Materials provided
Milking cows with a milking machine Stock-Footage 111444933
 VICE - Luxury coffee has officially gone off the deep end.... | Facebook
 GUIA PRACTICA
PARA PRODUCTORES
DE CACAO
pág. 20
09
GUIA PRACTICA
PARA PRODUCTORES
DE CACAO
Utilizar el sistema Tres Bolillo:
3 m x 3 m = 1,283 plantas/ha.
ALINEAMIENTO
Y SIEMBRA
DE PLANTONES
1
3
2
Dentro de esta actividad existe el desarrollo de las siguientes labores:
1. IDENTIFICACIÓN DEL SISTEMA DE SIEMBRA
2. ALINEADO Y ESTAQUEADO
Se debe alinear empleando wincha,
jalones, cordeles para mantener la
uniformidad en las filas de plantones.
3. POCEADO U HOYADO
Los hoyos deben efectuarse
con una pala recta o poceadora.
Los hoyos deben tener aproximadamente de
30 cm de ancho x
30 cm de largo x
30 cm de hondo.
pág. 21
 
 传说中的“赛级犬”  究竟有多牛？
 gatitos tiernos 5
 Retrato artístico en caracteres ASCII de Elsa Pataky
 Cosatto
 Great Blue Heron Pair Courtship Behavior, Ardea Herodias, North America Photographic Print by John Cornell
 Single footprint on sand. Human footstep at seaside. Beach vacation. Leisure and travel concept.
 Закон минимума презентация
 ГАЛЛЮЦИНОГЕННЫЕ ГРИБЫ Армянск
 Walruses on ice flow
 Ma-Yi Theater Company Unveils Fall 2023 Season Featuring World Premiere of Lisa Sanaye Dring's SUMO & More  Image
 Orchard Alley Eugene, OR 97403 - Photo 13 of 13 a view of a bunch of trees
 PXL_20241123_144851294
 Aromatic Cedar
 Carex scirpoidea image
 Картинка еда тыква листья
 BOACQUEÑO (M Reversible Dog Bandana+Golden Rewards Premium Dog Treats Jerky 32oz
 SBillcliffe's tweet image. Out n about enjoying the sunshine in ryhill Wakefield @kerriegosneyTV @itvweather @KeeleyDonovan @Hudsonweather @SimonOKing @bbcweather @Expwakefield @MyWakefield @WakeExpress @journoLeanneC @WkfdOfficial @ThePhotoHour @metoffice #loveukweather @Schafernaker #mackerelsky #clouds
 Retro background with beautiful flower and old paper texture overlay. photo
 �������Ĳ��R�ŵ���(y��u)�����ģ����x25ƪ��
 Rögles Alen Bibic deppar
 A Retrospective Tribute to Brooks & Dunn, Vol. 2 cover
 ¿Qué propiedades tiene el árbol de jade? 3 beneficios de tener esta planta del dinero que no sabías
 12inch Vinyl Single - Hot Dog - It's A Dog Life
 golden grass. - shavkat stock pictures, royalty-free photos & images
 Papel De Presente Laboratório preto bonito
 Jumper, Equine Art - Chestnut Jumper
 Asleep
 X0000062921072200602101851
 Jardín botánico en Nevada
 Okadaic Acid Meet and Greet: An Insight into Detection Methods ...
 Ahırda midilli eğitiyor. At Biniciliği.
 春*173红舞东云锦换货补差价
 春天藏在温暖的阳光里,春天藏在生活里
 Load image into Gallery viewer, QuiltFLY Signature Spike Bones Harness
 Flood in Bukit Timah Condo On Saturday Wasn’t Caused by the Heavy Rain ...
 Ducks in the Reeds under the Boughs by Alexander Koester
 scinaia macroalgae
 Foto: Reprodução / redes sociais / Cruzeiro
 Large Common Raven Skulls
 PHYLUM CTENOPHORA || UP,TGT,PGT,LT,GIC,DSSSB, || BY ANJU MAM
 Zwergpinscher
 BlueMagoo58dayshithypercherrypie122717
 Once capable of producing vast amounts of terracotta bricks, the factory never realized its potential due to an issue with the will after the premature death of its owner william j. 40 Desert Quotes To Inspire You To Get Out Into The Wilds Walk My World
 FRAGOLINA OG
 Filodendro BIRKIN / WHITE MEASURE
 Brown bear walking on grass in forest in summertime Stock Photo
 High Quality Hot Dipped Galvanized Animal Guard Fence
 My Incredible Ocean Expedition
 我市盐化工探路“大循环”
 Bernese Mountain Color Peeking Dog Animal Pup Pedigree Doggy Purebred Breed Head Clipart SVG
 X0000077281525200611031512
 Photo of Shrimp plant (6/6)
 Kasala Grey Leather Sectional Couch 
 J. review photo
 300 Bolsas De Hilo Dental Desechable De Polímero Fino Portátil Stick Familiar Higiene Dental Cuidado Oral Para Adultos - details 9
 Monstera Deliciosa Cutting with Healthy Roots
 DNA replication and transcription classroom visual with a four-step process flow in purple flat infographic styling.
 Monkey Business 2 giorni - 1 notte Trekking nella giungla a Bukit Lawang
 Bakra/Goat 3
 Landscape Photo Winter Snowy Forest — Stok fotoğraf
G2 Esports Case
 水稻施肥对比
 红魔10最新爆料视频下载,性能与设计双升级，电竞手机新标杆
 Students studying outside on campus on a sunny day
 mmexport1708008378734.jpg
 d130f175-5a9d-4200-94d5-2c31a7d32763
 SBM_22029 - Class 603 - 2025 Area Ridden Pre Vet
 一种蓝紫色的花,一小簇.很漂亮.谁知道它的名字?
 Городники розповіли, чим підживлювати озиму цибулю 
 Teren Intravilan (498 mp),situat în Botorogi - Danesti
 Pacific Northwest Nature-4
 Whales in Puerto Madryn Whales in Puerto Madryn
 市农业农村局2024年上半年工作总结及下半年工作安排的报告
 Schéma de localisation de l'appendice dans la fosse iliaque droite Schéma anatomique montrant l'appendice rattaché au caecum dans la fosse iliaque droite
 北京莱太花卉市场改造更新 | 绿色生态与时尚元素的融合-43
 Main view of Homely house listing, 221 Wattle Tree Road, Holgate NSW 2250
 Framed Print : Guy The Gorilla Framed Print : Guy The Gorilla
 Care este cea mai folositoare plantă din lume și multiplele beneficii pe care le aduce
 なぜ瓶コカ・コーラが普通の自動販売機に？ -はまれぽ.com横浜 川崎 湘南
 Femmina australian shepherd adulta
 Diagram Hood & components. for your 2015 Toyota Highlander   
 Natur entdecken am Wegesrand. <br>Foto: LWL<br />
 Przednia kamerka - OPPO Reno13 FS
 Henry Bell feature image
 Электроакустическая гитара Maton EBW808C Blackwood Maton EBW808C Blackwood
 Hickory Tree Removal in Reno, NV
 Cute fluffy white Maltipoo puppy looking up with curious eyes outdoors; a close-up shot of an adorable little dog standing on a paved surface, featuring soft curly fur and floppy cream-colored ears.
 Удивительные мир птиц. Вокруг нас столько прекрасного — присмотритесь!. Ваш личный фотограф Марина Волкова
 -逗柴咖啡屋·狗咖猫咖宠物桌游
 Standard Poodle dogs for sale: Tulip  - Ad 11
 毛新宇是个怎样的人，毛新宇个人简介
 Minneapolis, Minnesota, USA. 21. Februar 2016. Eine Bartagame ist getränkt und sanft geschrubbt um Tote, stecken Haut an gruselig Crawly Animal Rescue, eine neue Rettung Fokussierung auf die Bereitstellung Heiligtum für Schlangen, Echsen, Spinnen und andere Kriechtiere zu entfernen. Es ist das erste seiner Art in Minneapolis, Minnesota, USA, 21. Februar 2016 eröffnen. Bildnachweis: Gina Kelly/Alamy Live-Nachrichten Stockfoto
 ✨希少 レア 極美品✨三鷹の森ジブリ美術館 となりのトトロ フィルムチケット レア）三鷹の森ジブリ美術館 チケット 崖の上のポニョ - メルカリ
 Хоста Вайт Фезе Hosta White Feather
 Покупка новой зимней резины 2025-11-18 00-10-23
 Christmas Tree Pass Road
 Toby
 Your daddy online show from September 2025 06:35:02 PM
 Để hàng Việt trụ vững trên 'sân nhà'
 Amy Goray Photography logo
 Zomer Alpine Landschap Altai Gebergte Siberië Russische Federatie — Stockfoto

Exercise prompt
The word "Bukit" may occur in lines of the data above; say how many lines hold it, giving only the number.

Exercise answer
2